Некоторое время в комнате царило неловкое молчание. Затем Айта вдруг бросилась в решительную атаку:

— Скажи мне, Вамбо, есть ли у тебя сейчас хоть один друг? И были ли у тебя когда-нибудь друзья?

Ответить без раздумья на эти вопросы было невозможно, потому что о существе дружбы молодой человек, очевидно, раньше не очень-то глубоко задумывался. Чувство общности интересов, взглядов, чувство локтя? Да, с этим Пальтсер сталкивался много раз в своей жизни. Подобное чувство связывало его с соседом по комнате Михкелем Траллем, странным стариком, который любовался машинами и бывал в них буквально влюблен, если они и внешне выглядели приятно. В университете был Варе, в большой компании он играл роль шутника и неисправимого оптимиста, но душа его часто болела от забот, которые он поверял только Пальтсеру. Где он теперь? Почему переписка заглохла? В армии был Петер Кулль, раненный в последний месяц войны. На войне ситуации особенные, и там часто привязываются друг к другу особенно крепко. Может быть, в гражданской жизни Петер никогда бы не стал ему таким другом. Может быть. Жизнь не представила возможности проверить. В школьные годы был Эйно Урмет... Дружба? Очевидно, это — чувство общности, которое требует общей среды и общих целей. Если нужных компонентов нет, дружба тает.
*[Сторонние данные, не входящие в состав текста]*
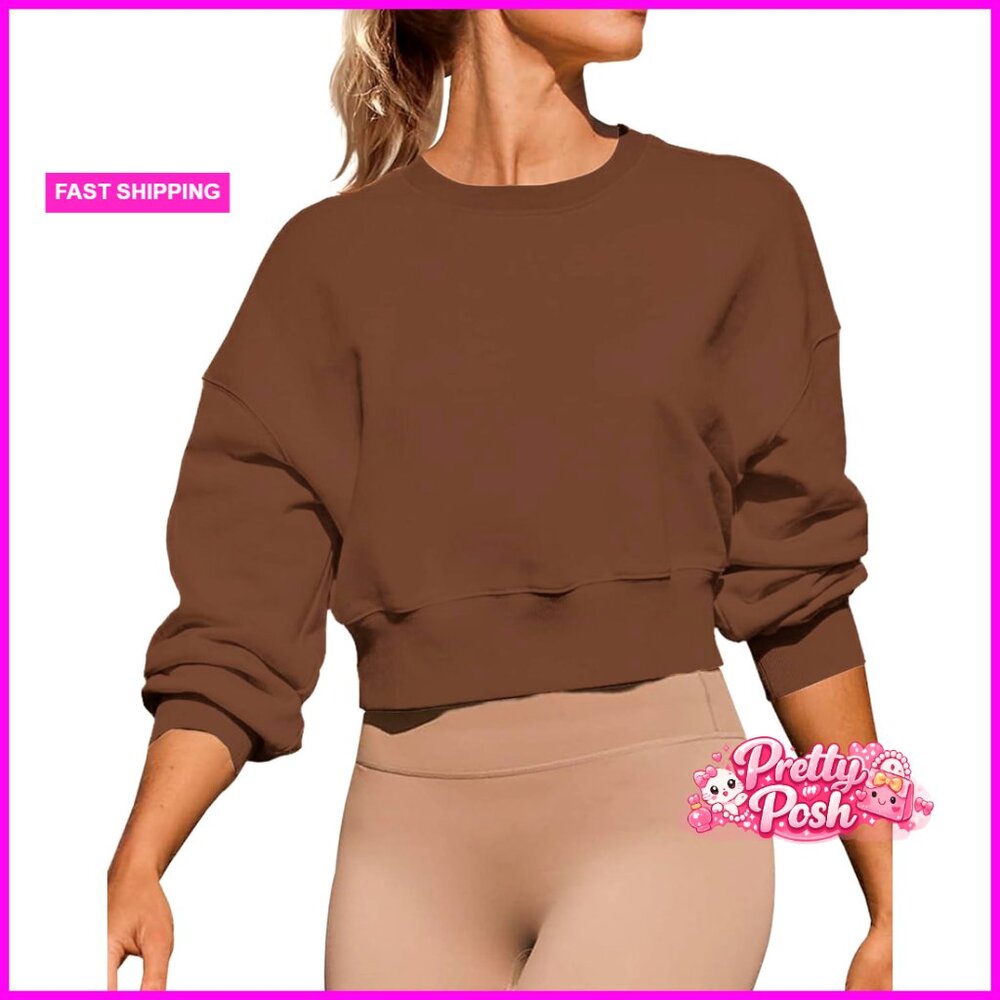 Long Sleeve Cropped Sweatshirt Polyester Cotton Spandex Pullover Top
Или, например, исчезновение общей среды и является проверкой, определяющей силу дружбы? Общая среда — комната общежития, место работы, воинская часть, — она нужна как почва, где прорастает дружба, а прочность связующих чувств затем проверяется временем, проведенным в разлуке, так же, как и в любви...

— Ты прямо совсем погрузился в раздумье, — сказала Айта тихо.

— Да. Друзья у меня были и есть, а как же иначе. Если они иногда не преодолевали барьер времени и пространства — я сам виноват. Вернее, моя, так сказать, незадавшаяся жизнь. С товарищами по университету, например, я сам прервал связь. Надеюсь, понимаешь, почему? — Нет, не понимаю. Я понимаю, что ты как человек, попавший в беду, не хочешь отягощать других своими неприятностями. Но это ошибка. Люди гораздо лучше, чем ты себе представляешь.

— Я в этом не сомневаюсь. И все же... Знаешь, что я вспомнил? — Молодой человек неожиданно повеселел. — Когда мы в Германии пробирались из города в город, из одного леса в другой, мы называли Красную Армию другом. Мы иронизировали над собой. Когда на нас сыпались советские снаряды и мины, мы говорили: «Ого, друг нажимает!» Заметив советский самолет, мы, конечно, бежали прятаться, ведь «друг» мог заметить сверху. Да, последние месяцы войны — самые напряженные в моей жизни, потому что «друг» не давал нам спуску, а чувство страха стало постоянным. Если у тебя есть охота слушать...

— Слушаю, говори.

— В это время я подружился с одним парнем из-под Вильянди. Он почти кончил техникум и, как я, был мобилизован. Пушечное мясо. Кто из нас крепче прилип к другому — не знаю, во всяком случае, чувство единства у нас с Петером оказалось сильным. Как-то ночью, во время порядочной кутерьмы, мы решили дезертировать и на свой страх и риск выбраться из этой каши. Но уже на следующий день после полудня наш одноглазый начальник дал нам в руки лопаты, чтобы мы вырыли себе могилы.